Mon ami et moi partagions, entre autres, un amour commun pour le désert, et en particulier pour le Sahara. Mais la rencontre avec le désert est toujours une aventure singulière.
Mon premier désert est en noir et blanc et il est algérien. J' étais dans un camion militaire, au-delà de Djelfa, en route vers le sud et l' envoûtement de Ghardaïa.
La route depuis Alger n' était pas des plus sûre en ce temps-là. C' était aussi celui où, pour l' unique fois de ma vie, j' ai imité la signature de mon père, m' autorisant à partir vers le sud sous la responsabilité de l' armée française. Celle-ci, de mauvaise humeur, m' avait enfermée une nuit dans une cellule à Bou Sâada; Il faut dire que j' avais désobéi, et le capitaine avait eu peur.
C' était encore le reg, mais, au loin, on devinait les premières dunes du pays mozabite.
Deux dromadaires, immobiles, méditaient dans ce lieu de silence propice. Un peu plus loin, un autre avait compris que le désert demande silence et solitude pour se confronter à l' immensité de l' absolu.
Depuis, j' ai eu maintes autres rencontres.
* Le Sahara tunisien, à la limite du Grand Erg Oriental, là-bas, vers Douz, petit douar perdu dans les sables.
* ou le Djerid, plus loin vers l' ouest, au sud de Nefta, où le mirage venait ajouter à la magie du lieu.
J' avais emmené là, l' amie parisienne venue me rejoindre à Tunis, et elle a un peu gâché mon plaisir car elle n'a pas supporté le désert où elle se sentait écrasée. Nous en sommes donc parties aussitôt. Comment n'a t'elle pas ressenti cette expansion extraordinaire de l' être dans ce décor immense, dans cette pure et absolue solitude qui permet le face à face avec soi-même. C'est dans le désert que l' on comprend pourquoi le monothéisme y est né. Peut-être parce qu' elle est athée ?
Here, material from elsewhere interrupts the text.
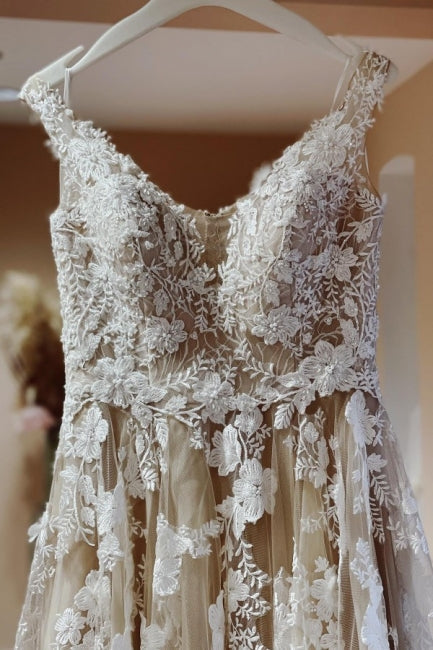Elegant A-Line Lace Wedding Dress with Long Train - Perfect for Bridal Ceremonies, Vow Renewals & Formal Events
* Puis, il y a eu les déserts américains, la terre rouge du désert peint,
* le désert libyque, sur la rive occidentale du Nil,
* Et enfin, le désert de Judée, d' où vient le mot " juif ", et où il me semblait voir mes ancêtres marcher, cinq mille ans plus tôt, sur la crête des monts.
Ce désert-là est celui de l'affectivité et du lien immémorial, mais c' est le Sahara qui me donne cette sensation d' absolu qui nourrit l' âme.